The actors and the audience join forces to play out their experiences, reaching some kind of resolution from which they can rebuild.
Zeinab Badawi also experiences the passionate singing and ululating of the Hakamas, a group of women from southwest Sudan, who, during the civil war, used to sing their menfolk to war.
Now they have brought their powerful voices to the cause of peace.
Zeinab visits one of the refugee camps to hear them perform.
These and other groups are all committed to reconciliation and community rebuilding, but Sudan is often on a political knife-edge, and Zeinab asks whether theatre and performance can really make a lasting difference.

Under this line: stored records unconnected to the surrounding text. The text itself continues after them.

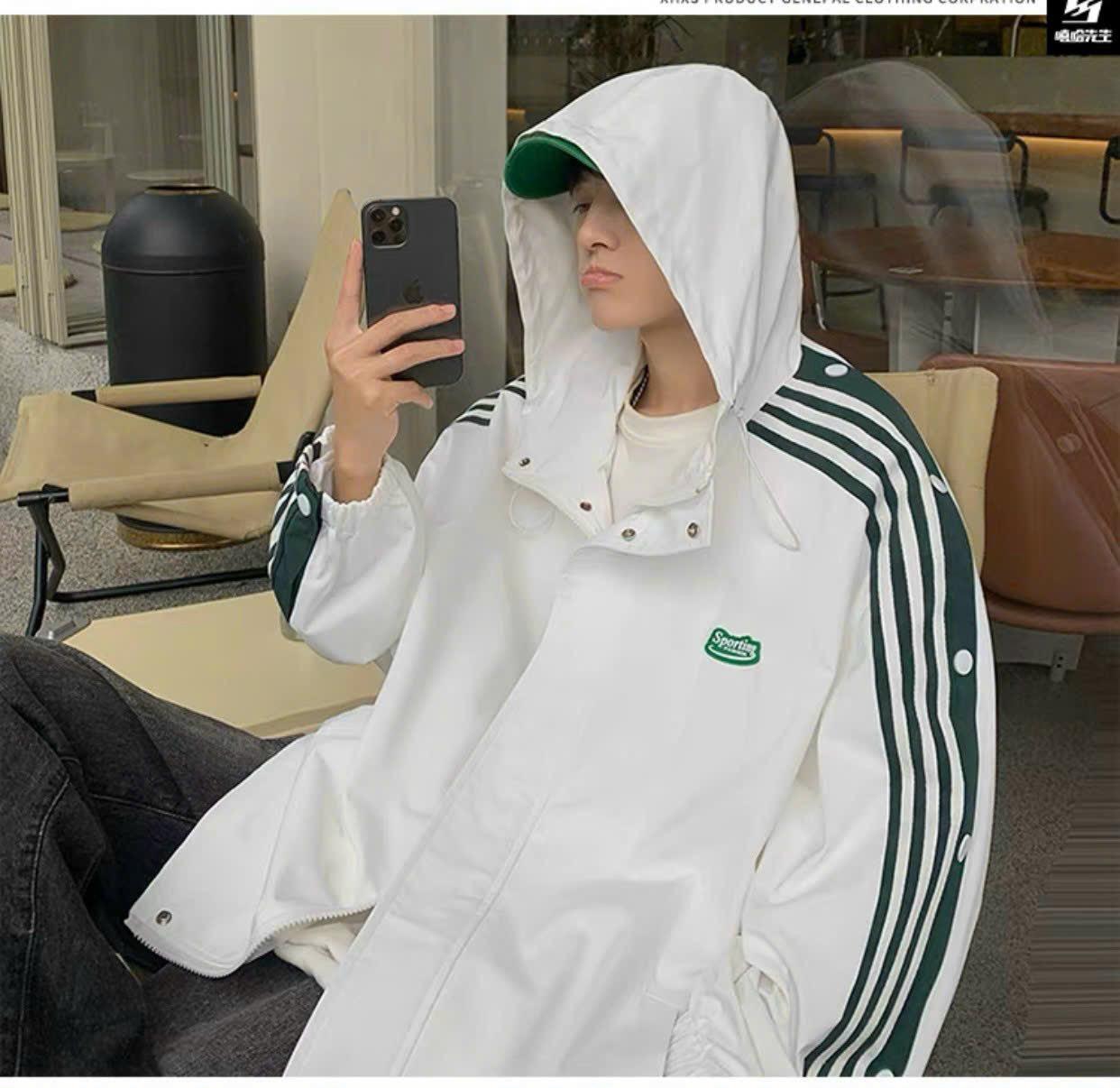 [HOT TREND] Áo Khoác Gió Nam NỮ Có Kiểu Dáng Cổ Bẻ Phối Kèm Cúc Bấm HTM FASHION - Đen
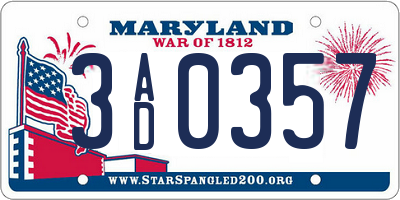 MD license plate 3AD0357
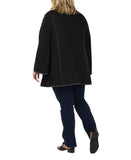 Patricia Nash Leather-Trimmed Open-Sleeve Cape with Filigree Clasp KN11504 Black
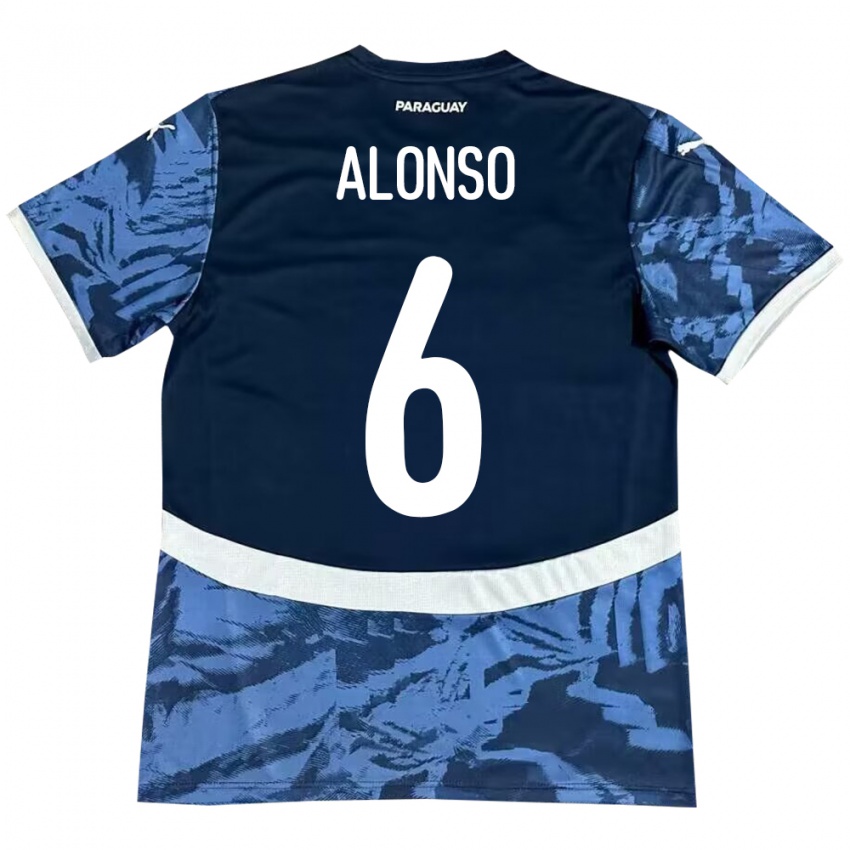 Férfi Paraguay Júnior Alonso #6 Kék Idegenbeli Jersey 24-26 Mez Póló Ing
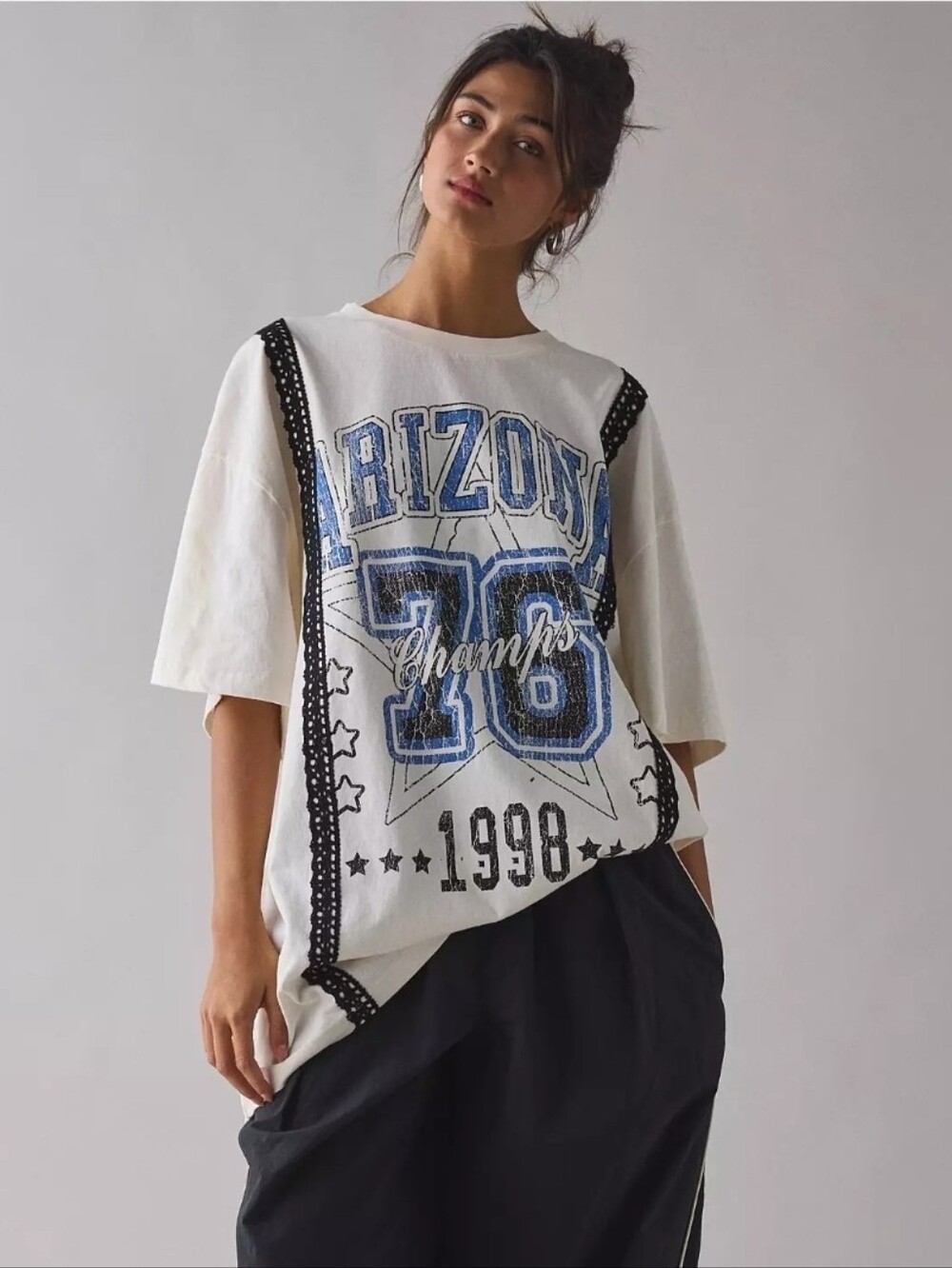 ✏️ Urban Outfitters| Arizona Champs 1998 Lace Trim Oversized Graphic Tee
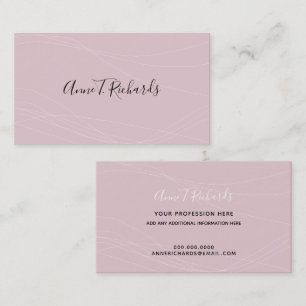 modern handskriven elegant namn blek-rosa visitkort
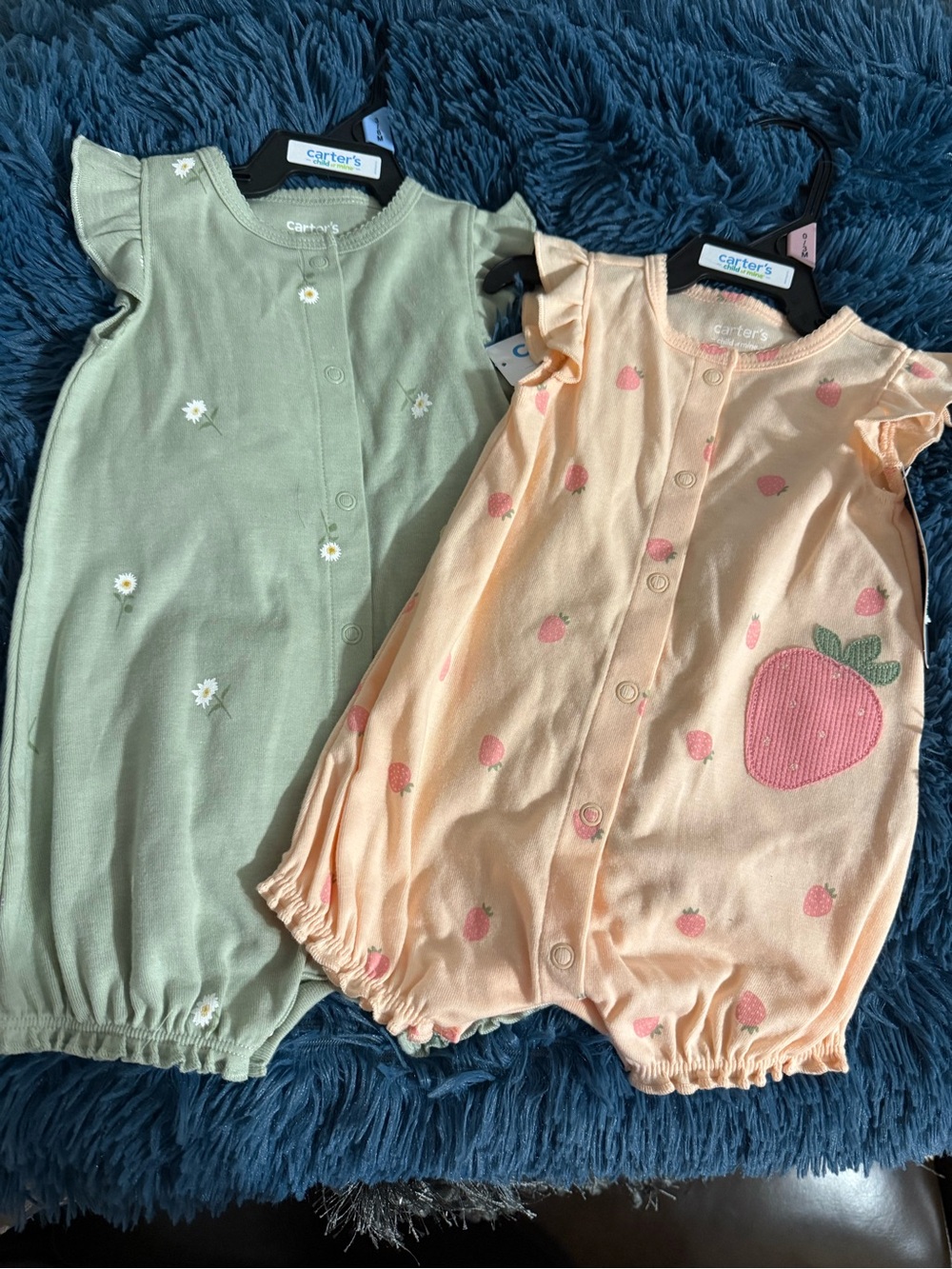 Carter's Peach & Sage Floral Strawberry Romper Set 2 pack deal 0-3month& 3-6mths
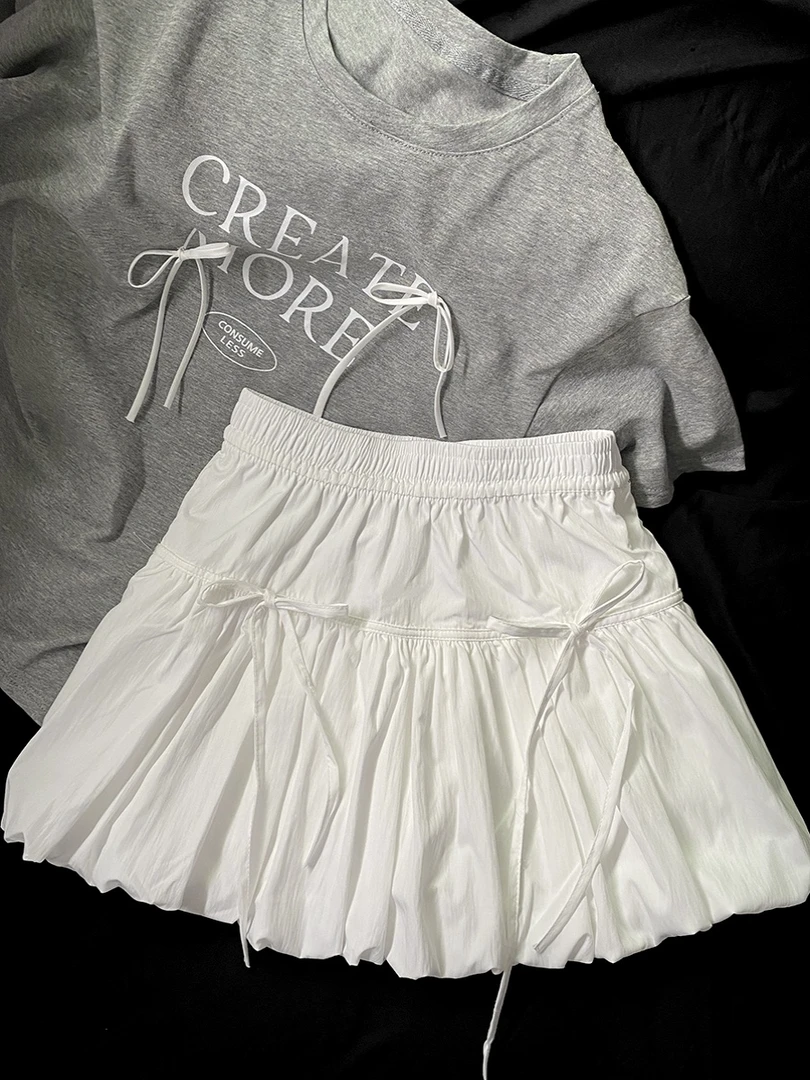 白色花苞半裙蓬蓬裙短裙女夏季新款今年流行爆款半身裙灰色泡泡裙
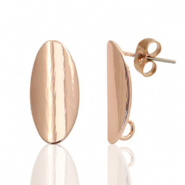 Metall Zubehör DQ Earpin oval 9x18mm Rosegold (nickelfrei)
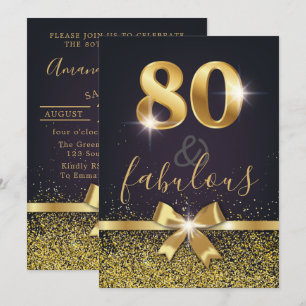 Elegant 80 & Fabulous Gold Glitter 80th Birthday Invitation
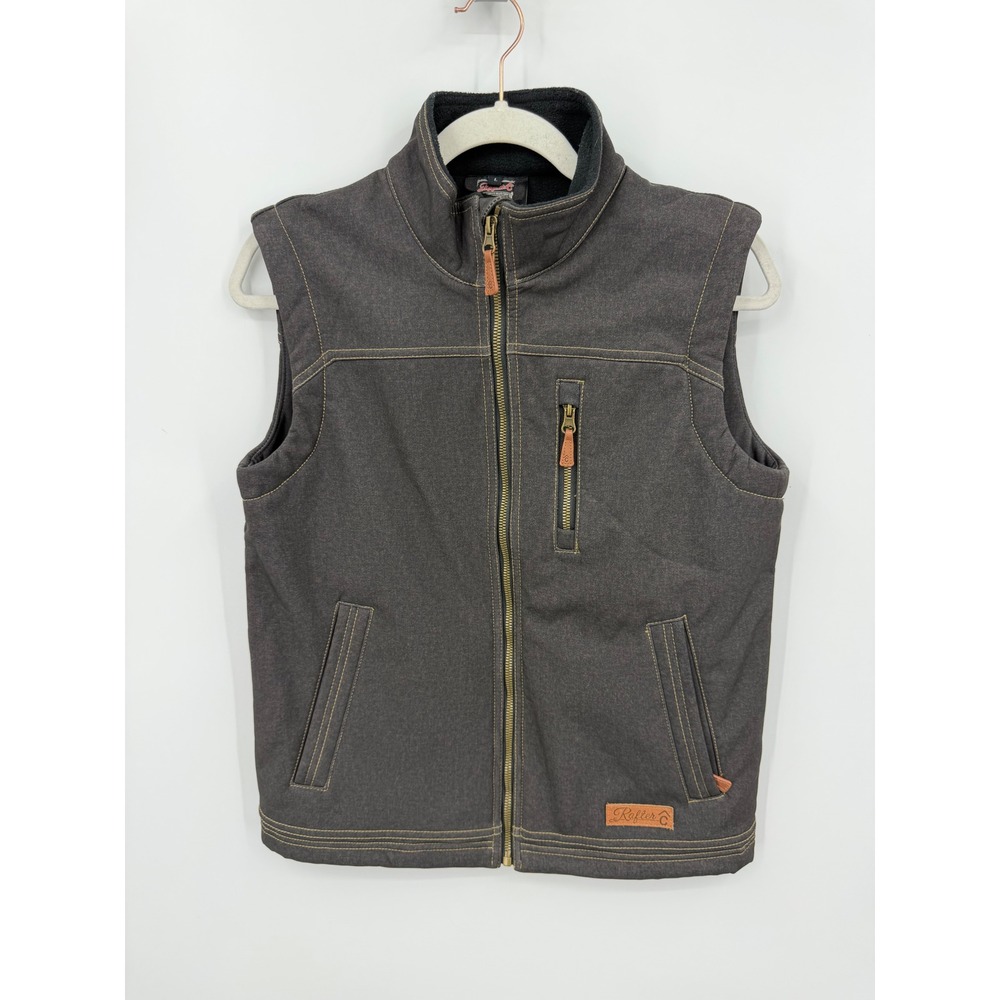 Roper Cowboy Collection Vest Kids Large Brown Canvas Fleece Lined Full Zip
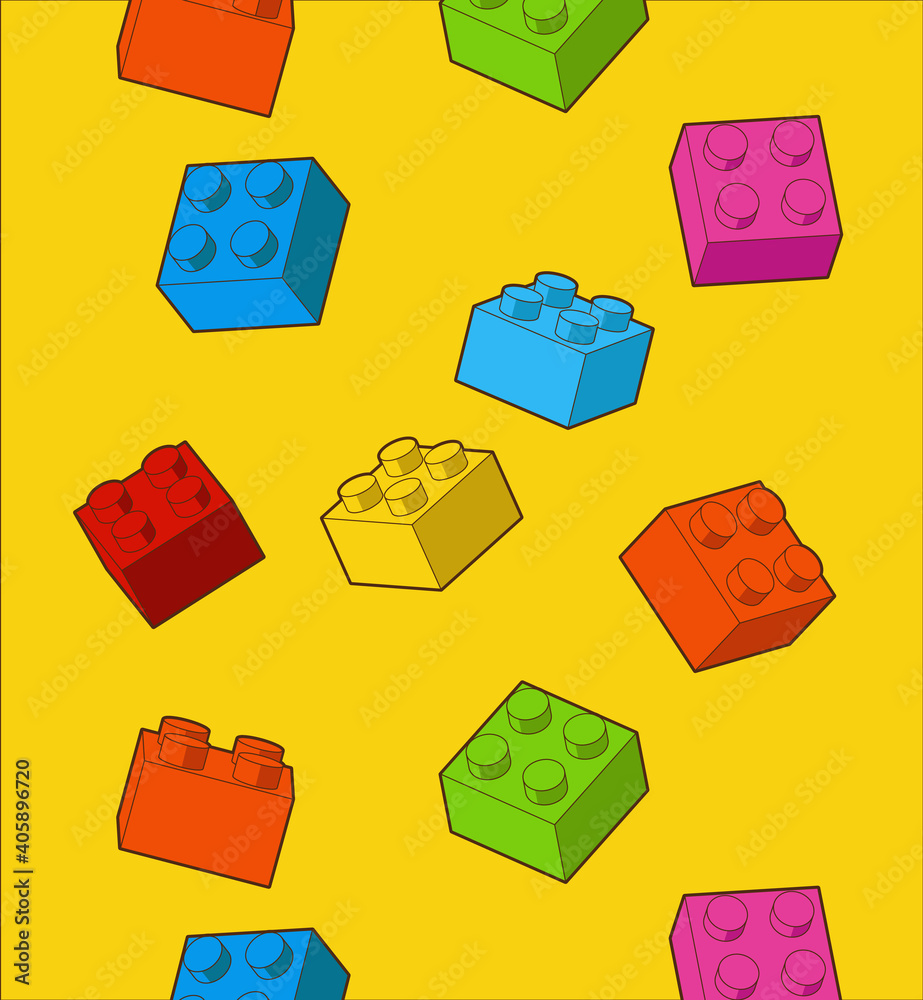 Simple pattern of building block, bricks for children. Vector isometric ...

Zeinab Badawi reports from Khartoum on theatre groups helping those caught up in conflict.
In many places where there has been conflict in the world, such as the destructive violence of civil war, theatre workers - writers, directors, and actors - are using the potential of theatre to help people work through their grief, anger, and suffering.
With the release offered by the theatrical experience, damaged communities are encouraged to regenerate.
By exploring and reviving cultural roots - stories, songs and music - they re-establish connections with a traditional way of life.
The BBC World reporter Zeinab Badawi visits Khartoum for this Sunday Feature to meet some of those dedicated to this task.
People like Ali Mahdi, director of the National Theatre in Khartoum and an active member of the International Theatre Institute, who has established a Centre for Theatre in Conflict Zones.
Each year he runs a festival which brings together some of those groups working in distant parts of Sudan, and Zeinab Badawi meets these groups at the Festival and hears their stories about how they attempt to help those communities in which they work.
Many of the groups have been influenced by the theories of Augusto Boal, who pioneered theatre which works within victimised communities.
The people, or the audience, become a part of the action and play out their experiences, reaching a kind of resolution from which they can rebuild.
Zeinab Badawi talks to Thomas Engel and Alexander Stilmark, who have brought Boal's theories to the people of the Sudan, as well as to other Sudanese and international figures.